25 June 1919: Junkers-Fokker Aktiengesellschaft test pilot Emil Monz made the first flight of the Junkers F.13, at Dessau, Saxony-Anhalt, Germany. It was the first airplane built of all-metal construction, specifically for commercial passenger service. Named Herta in honor of Professor Junkers’ oldest daughter, it carried identification marks D 183.
Designed by Chief Engineer Otto Reuter, the F.13 was a single engine monoplane with a corrugated duralumin skin over a duralumin structure. It had a flight crew of two and four passengers could be carried in a comfortable enclosed cabin of the same size as automobiles of the time. The single wing was cantilevered and used no braces or support wires.

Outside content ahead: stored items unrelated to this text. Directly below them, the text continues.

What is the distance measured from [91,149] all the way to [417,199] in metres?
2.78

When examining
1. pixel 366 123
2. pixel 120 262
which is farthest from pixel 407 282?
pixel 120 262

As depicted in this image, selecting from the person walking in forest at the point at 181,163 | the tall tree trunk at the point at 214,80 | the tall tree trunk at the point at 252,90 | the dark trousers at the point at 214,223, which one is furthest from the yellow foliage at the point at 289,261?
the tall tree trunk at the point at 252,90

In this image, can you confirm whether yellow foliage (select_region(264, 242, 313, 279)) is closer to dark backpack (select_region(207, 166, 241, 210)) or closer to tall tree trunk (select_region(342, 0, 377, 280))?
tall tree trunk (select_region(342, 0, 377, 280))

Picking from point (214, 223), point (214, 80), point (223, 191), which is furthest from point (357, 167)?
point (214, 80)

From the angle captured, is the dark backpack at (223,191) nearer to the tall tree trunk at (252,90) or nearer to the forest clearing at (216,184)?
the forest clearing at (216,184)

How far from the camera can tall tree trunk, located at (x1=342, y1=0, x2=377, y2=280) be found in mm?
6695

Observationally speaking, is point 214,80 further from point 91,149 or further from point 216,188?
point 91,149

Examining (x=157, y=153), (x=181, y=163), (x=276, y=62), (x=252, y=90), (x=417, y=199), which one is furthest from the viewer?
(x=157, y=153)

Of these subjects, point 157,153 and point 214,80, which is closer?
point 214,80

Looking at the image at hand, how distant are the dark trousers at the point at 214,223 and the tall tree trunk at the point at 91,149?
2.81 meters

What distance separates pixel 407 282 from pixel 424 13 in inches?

The prototype had a wingspan of 47 feet, 5¾ inches (14.47 meters). The wing was lengthened in production airplanes. The airplane was 31 feet, 6 inches (9.59 meters) long. The first F.13 was powered by a 14.78 liter (901.9 cubic inch) water-cooled Mercedes D.IIIa dual overhead cam (DOHC) 6-cylinder in-line engine which produced 170 horsepower and drove a two-bladed, fixed-pitch laminated wood propeller.
In production from 1919 to 1932, a total of 332 Junkers F.13s were built. Some remained in service in the late 1930s.
Herta was later renamed Nightingale and its registration markings changed to D 1.
Emil Monz died 18 February 1921 when the Junkers F.13 that he was flying, D 128, crashed in a snowstorm enroute to Stuttgart.